Dans le bassin du Danube, le deuxième plus grand fleuve d’Europe après la Volga, l’été n’a pas été pluvieux mais sec. Du sud de l’Allemagne jusqu’à la mer Noire, il n’est pratiquement pas tombé une goutte depuis juin. Sur les mille derniers kilomètres, en Serbie, en Roumanie et en Bulgarie, ce niveau bas des eaux cause un énorme engorgement du trafic.

Les problèmes sur cette longue voie navigable remontent littéralement à la surface. À Prahovo, un port serbe sur le Danube, les flancs rouillés d’un navire de guerre allemand de la Seconde Guerre mondiale émergent de l’eau en conséquence de ce bas débit. Les Allemands ont eux-mêmes fait couler une flotte, durant l’été 1944, pour éviter que ce matériel de guerre ne tombe aux mains des Russes et des partisans qui progressaient. Aujourd’hui encore, vingt-deux navires allemands reposent au fond du fleuve en Serbie et plus de cent du côté roumain.

Les bateliers slaloment le long des épaves

C’est un héritage, qui le plus souvent, passe inaperçu. Les bateliers expérimentés du Danube le contournent déjà depuis des décennies, de même qu’ils slaloment le long des endroits peu profonds et veillent à ne pas jeter l’ancre dans l’un des huit sites serbes où le fleuve peut encore contenir des bombes non explosées des attaques aériennes de l’OTAN en 1999.

La voie navigable est bien indiquée, assure le capitaine Srecko Nikolic qui travaille à Prahovo pour le ministère de l’infrastructure. Mais pour que les bateaux puissent continuer leur route, il faut qu’il y ait assez d’eau dans le fleuve. Jusqu’à Prahovo, passe encore, grâce à deux barrages construits dans les années soixante. Ensuite commence, selon Nikolic, le plus gros embouteillage que connaît actuellement l'Europe.

En raison du niveau bas des eaux, les cargos avec un tirant d’eau de plus de 1,70 mètre ont beaucoup de mal à avancer, en faisant un triple saut jusqu’à la mer Noire, sur sept cents kilomètres le long de berges jaunies et desséchées. Ces dernières semaines, ils sont des dizaines à s’être échoués sur des bancs de sable et des centaines de cargaisons ont été retardées ou transbordées dans des trains ou des camions-remorques.

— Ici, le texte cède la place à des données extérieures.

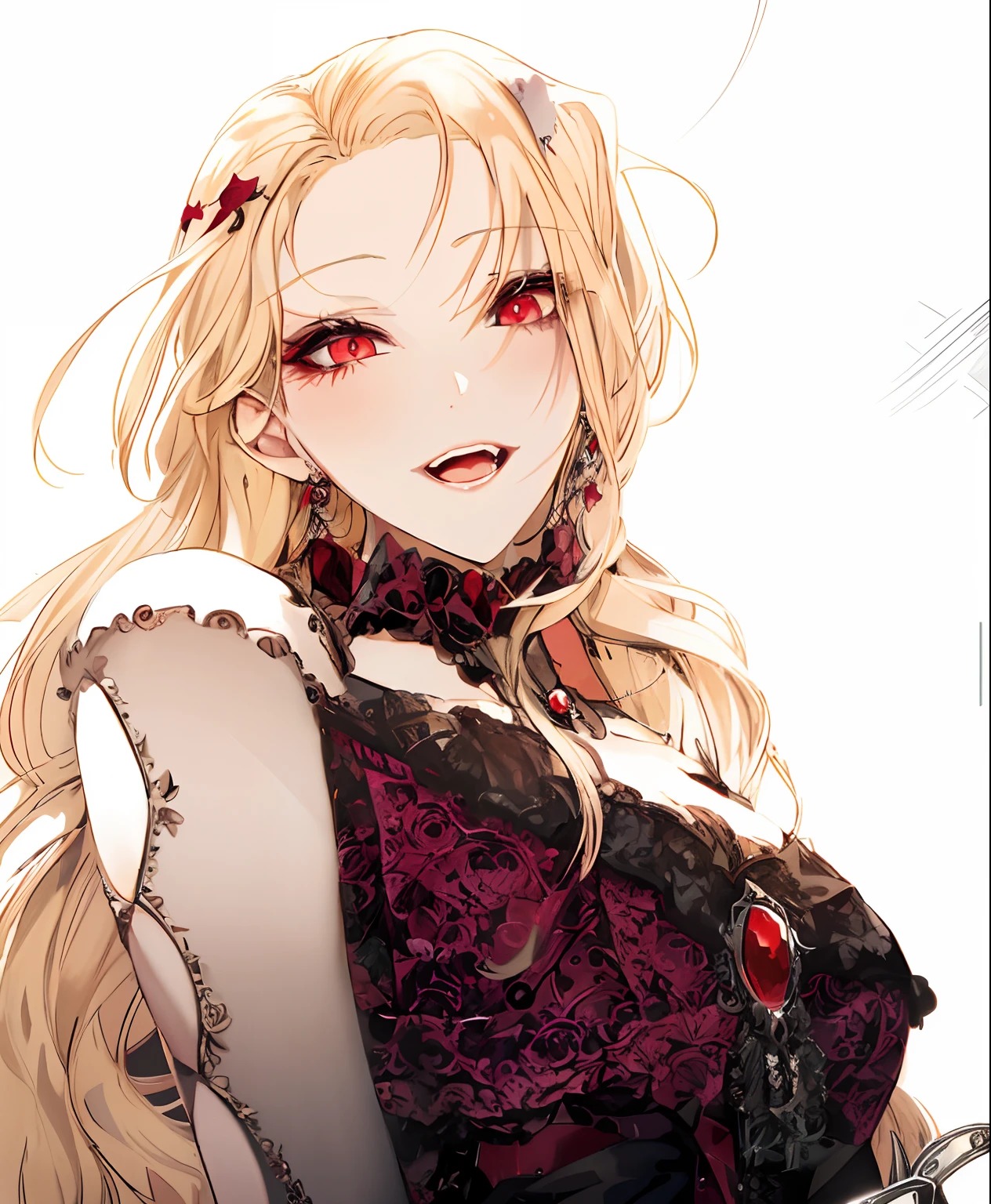 黒ドレスを着た、金髪ロングヘアーで赤い目のアニメの女の子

Beaucoup de bateliers restent chez eux, pour éviter de connaître le même sort que l’Anton, un bateau fluvial avec barge poussée sous pavillon allemand, qui est déjà à quai depuis un mois à Drobeta Turnu Severin, un port relativement important du Danube en Roumanie. L’équipage roumain, une poignée d’hommes en sandales et en shorts, s’occupent en effectuant de petites réparations à bord, en attendant la pluie, raconte le capitaine Ion Ionescu. Au printemps, le débit qui s’écoule à Dobreta Turnu Severin est de dix mille mètres cubes d’eau par seconde. Il n’est à présent que de deux mille, un cinquième du débit normal.

Une stratégie européenne sans budget conséquent

La sécheresse est exceptionnelle, mais Ovidiu Isaila, dans la tour de contrôle du port de Drobeta Turnu Severin, admet à contrecœur que la situation serait très différente si le chenal entre la Roumanie et la Bulgarie avait été dragué. Pourquoi ne l’a-t-on pas fait ? Par manque d’argent. Comme c’est souvent le cas en Roumanie. Les grains de sable sont plus fins qu’ailleurs dans les fleuves européens. Ce qui augmente les coûts du dragage. Pour les cargos à fort tirant d’eau qui naviguent sur le Rhin par exemple, le Danube n’est jamais bien praticable.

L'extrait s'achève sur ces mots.